Required action:
When you write out the listing, keep every character and omit the pictures.

Dataset excerpt:
*** Begin section ***
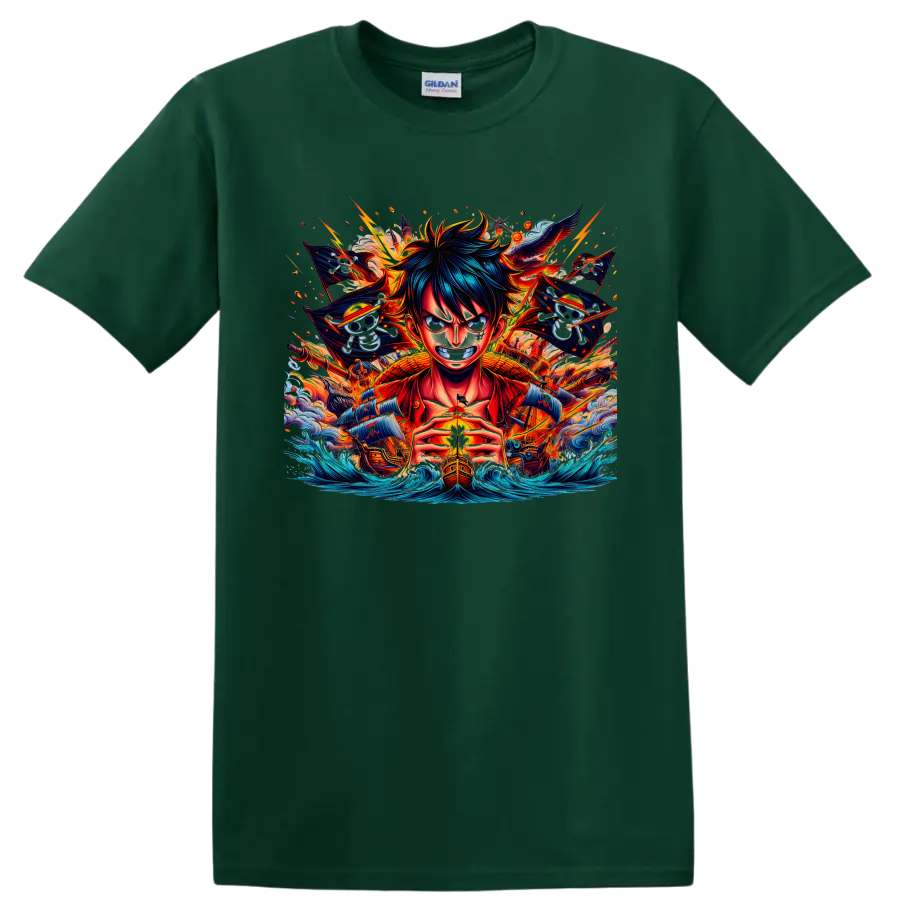 Monkey D. Luffy anime pirate graphic with ships, skull flags, fire, and ocean waves on a Forest Green T Shirt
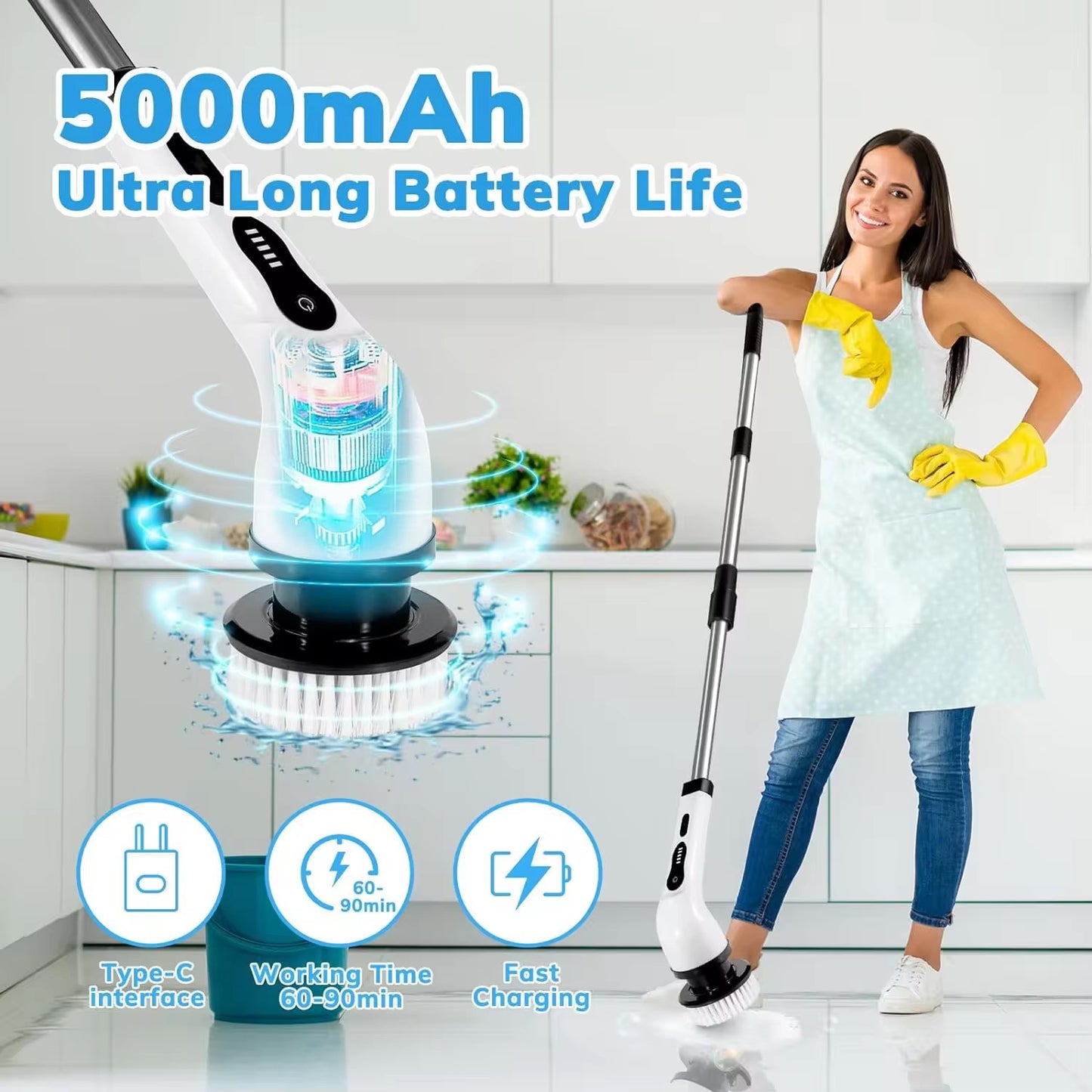 9-in-1 Electric Cleaning Brush – All-in-One Power Scrubber for Effortless Cleaning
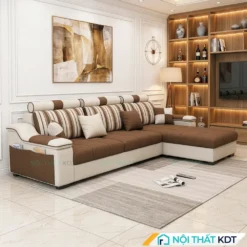 Sofa ni phong khach hien dai S39 L3 mau nau cafe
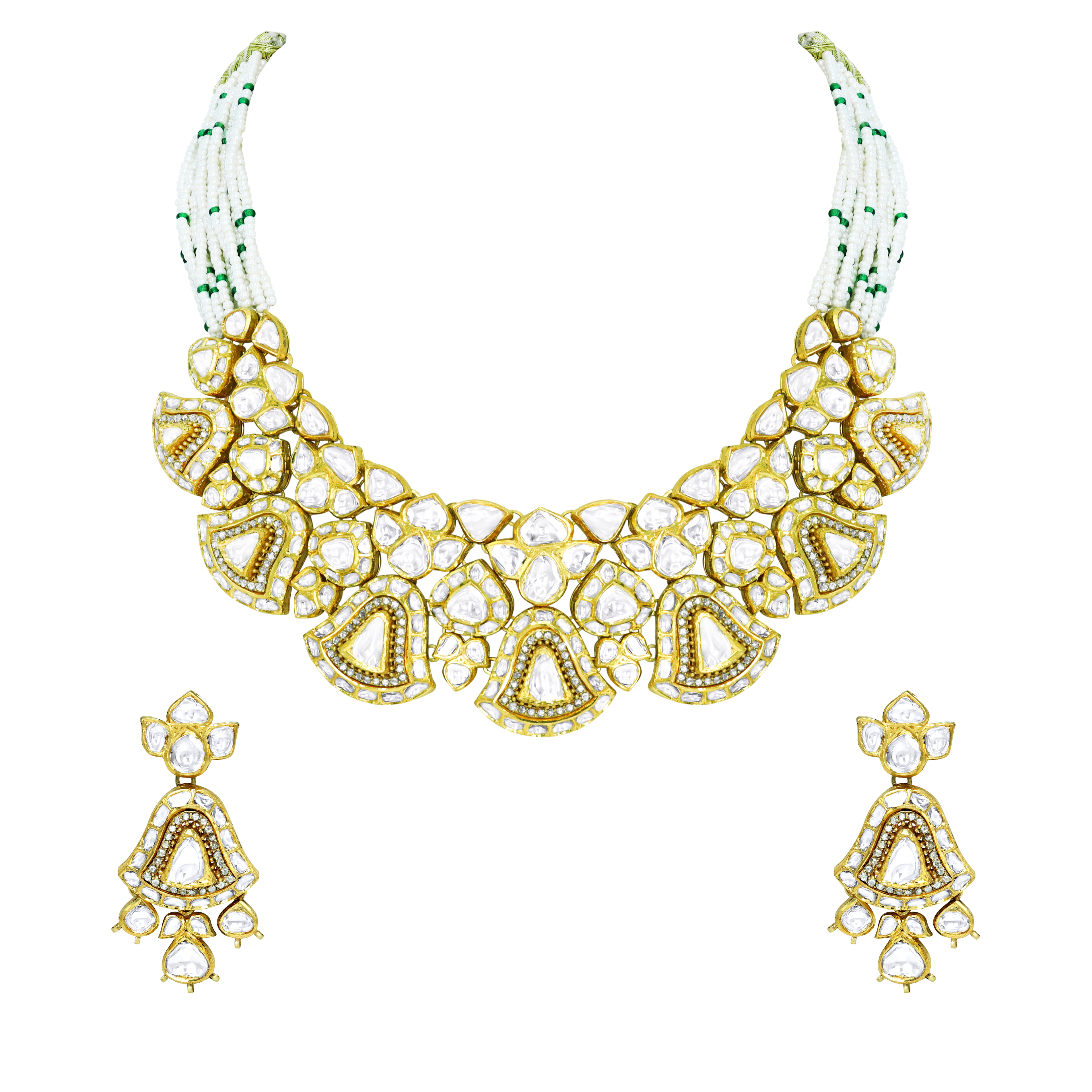 Polki Necklace Set with Fan Motifs and Matching Drops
*** End section ***
Answer below:
 Monkey D. Luffy anime pirate graphic with ships, skull flags, fire, and ocean waves on a Forest Green T Shirt
 9-in-1 Electric Cleaning Brush – All-in-One Power Scrubber for Effortless Cleaning
 Sofa ni phong khach hien dai S39 L3 mau nau cafe
 Polki Necklace Set with Fan Motifs and Matching Drops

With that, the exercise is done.